[Stored data entries]
______________________________
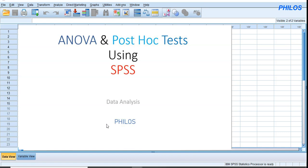Welcome. In today's tutorial I'll take you through how to perform one-way ANOVA using SPSS and how to interpret your results. ANOVA is an acronym for analysis of variance. One-way ANOVA is used to determine whether there is any statistically significant difference between the means of three or more independent groups.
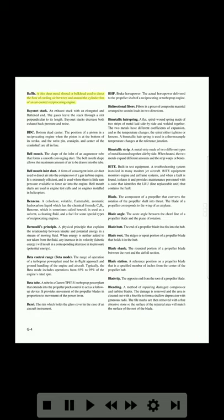Baffle: a thin sheet metal shroud or bulkhead used to direct the flow of cooling air between and around the cylinder fins of an air-cooled reciprocating engine. Bayonet stack: an exhaust stack with an elongated and flattened end. The gases leave the stack through a slot perpendicular to its length. Bayonet stacks decrease both exhaust back pressure and noise.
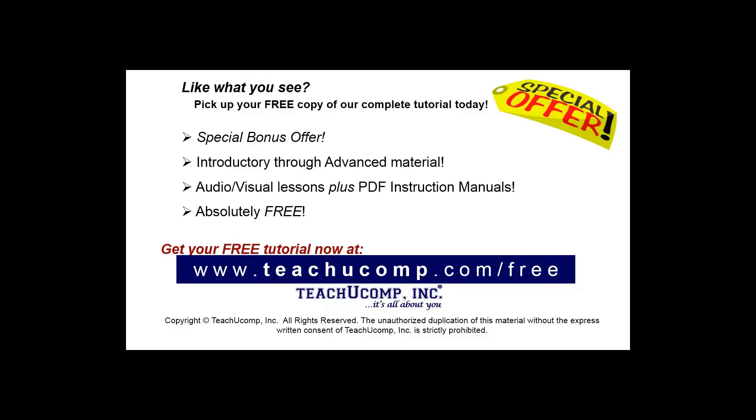Like what you see? Pick up your free copy of the complete tutorial at www.teachyoucomp.com forward slash free.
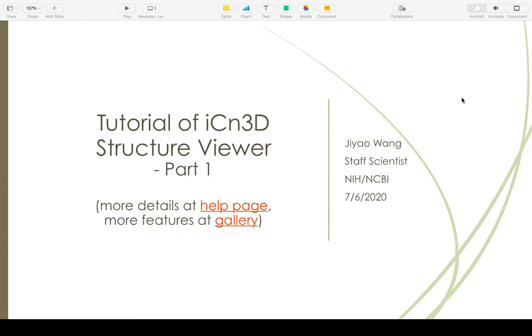In this tutorial we include two videos. This is the first video. If you want to see more details about iCn3D, you can go to the Help page. Check more features at the Gallery page.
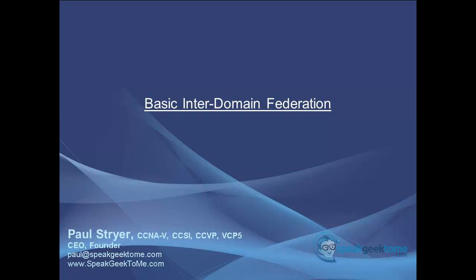Hello, my name is Paul Stryer, CEO and founder of SpeakGeek2Me.com. Welcome to this short video on Basic Inter-Domain Federation.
______________________________
If a line comes after the line with "Like what you", it stays out; print exactly every line from the start of the entries up to and including that line, but no pictures.

• [Completed exercise]:
Welcome. In today's tutorial I'll take you through how to perform one-way ANOVA using SPSS and how to interpret your results. ANOVA is an acronym for analysis of variance. One-way ANOVA is used to determine whether there is any statistically significant difference between the means of three or more independent groups.
Baffle: a thin sheet metal shroud or bulkhead used to direct the flow of cooling air between and around the cylinder fins of an air-cooled reciprocating engine. Bayonet stack: an exhaust stack with an elongated and flattened end. The gases leave the stack through a slot perpendicular to its length. Bayonet stacks decrease both exhaust back pressure and noise.
Like what you see? Pick up your free copy of the complete tutorial at www.teachyoucomp.com forward slash free.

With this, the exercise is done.